The development of antibodies to the COVID-19 virus has been the great long-term hope of ending the pandemic. However, immune system turncoats are also major culprits in severe cases of COVID-19, Yale scientists report in the journal Nature.
These autoantibodies target and react with a person’s tissues or organs similar to ones that cause autoimmune diseases such as lupus or rheumatoid arthritis. In COVID-19 cases they can attack healthy tissue in brain, blood vessels, platelets, liver, and the gastrointestinal tract, researchers report. The more autoantibodies detected, the greater the disease severity experienced by patients.
And the autoantibodies paradoxically also target and interfere with many immune system proteins that are designed to fend off infections, the study found.
“It’s a two-edge sword,” said Aaron Ring, assistant professor of immunobiology at Yale and senior author of the paper. “Antibodies are crucial to fend off infection, but some COVID-19 patients also develop antibodies that damage their own cells and tissues.”
It is clear that in many cases the presence of coronavirus drove the creation of the damaging autoantibodies, Ring said. But it is also likely that some COVID-19 patients had pre-existing autoantibodies that made them more susceptible to infection, he said.
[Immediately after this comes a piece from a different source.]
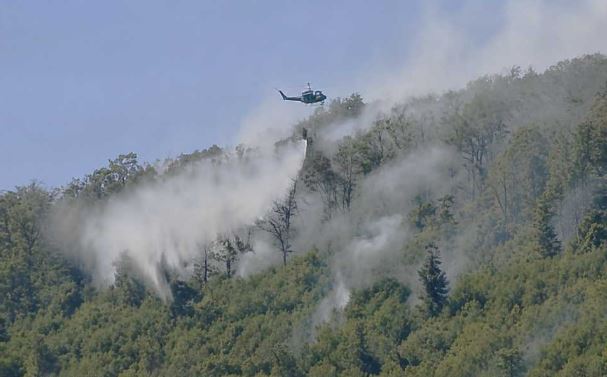 Oružane snage BiH angažovale helikopter za ga&scaron;enje požara u Gomili kod Cazina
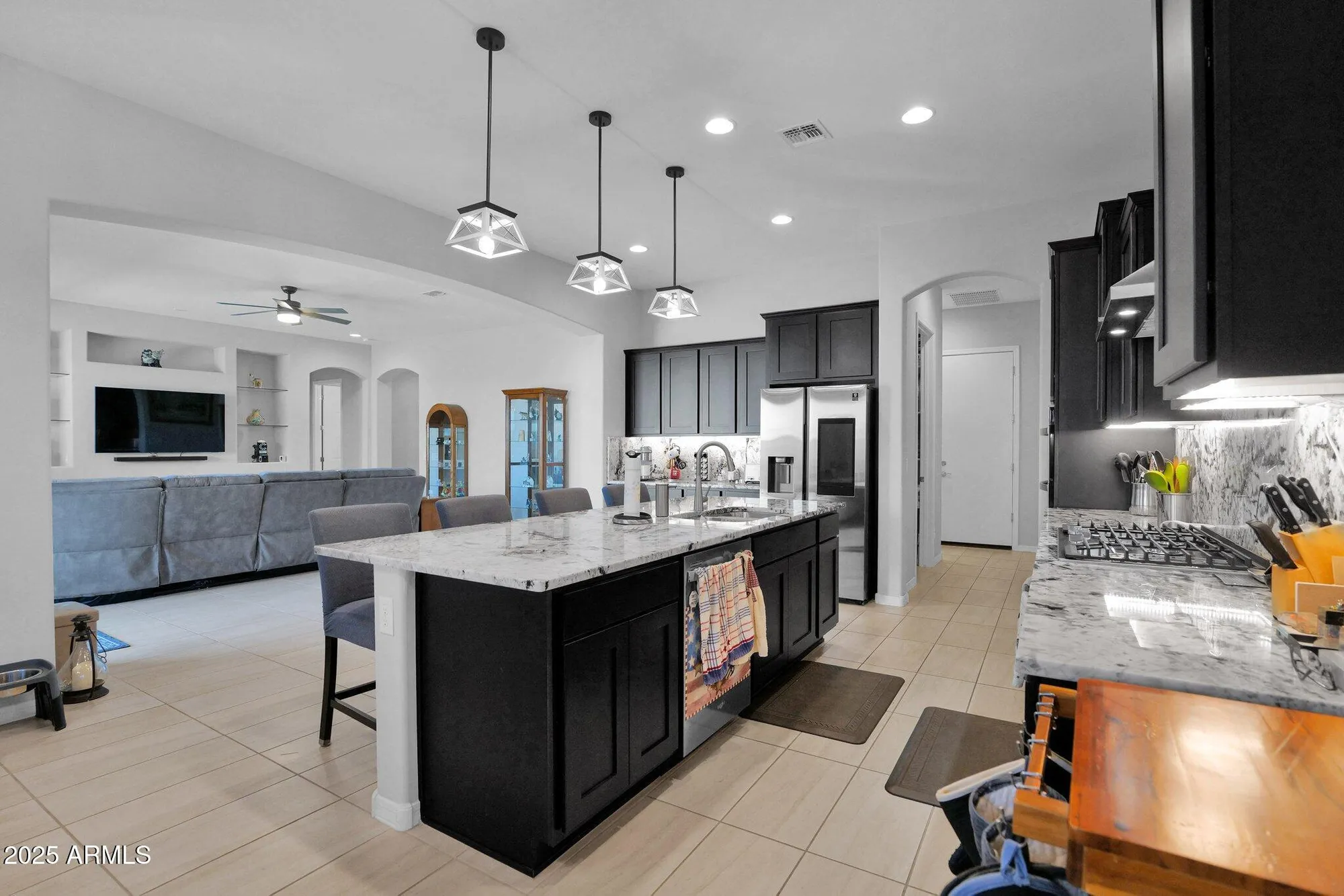 Property Slideshow image 9 of 43 | 27667 w mohawk ln, Buckeye, AZ, 85396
Mice with these same autoantibodies were more susceptible to infection by the COVID-19 virus and more likely to die, the authors report.
The existence of these long-lived rogue autoantibodies could also help explain why some people infected with COVID-19 can later develop lasting medical symptoms, so-called long COVID cases. “This could be the unfortunate legacy of the virus,” Ring said.
“Our findings reinforce the importance of getting vaccinated,” added co-corresponding author Akiko Iwasaki, the Waldemar Von Zedtwitz Professor of Immunobiology at Yale. “The fact that even mild infections are associated with autoantibody production underscores the potential for long-term health consequences of COVID-19.”
For the study, Ring’s lab worked with Iwasaki’s lab and members of the Yale IMPACT team—a group of scientists, scholars, and physicians developing research and clinical efforts to combat COVID-19—to screen blood samples from 194 patients who had contracted the virus, with varying degrees of severity, for the presence of autoantibodies. Specifically, they used a novel technology developed by Ring’s lab called Rapid Extracellular Antigen Profiling (REAP) to identify autoantibody interactions with nearly 3,000 human proteins.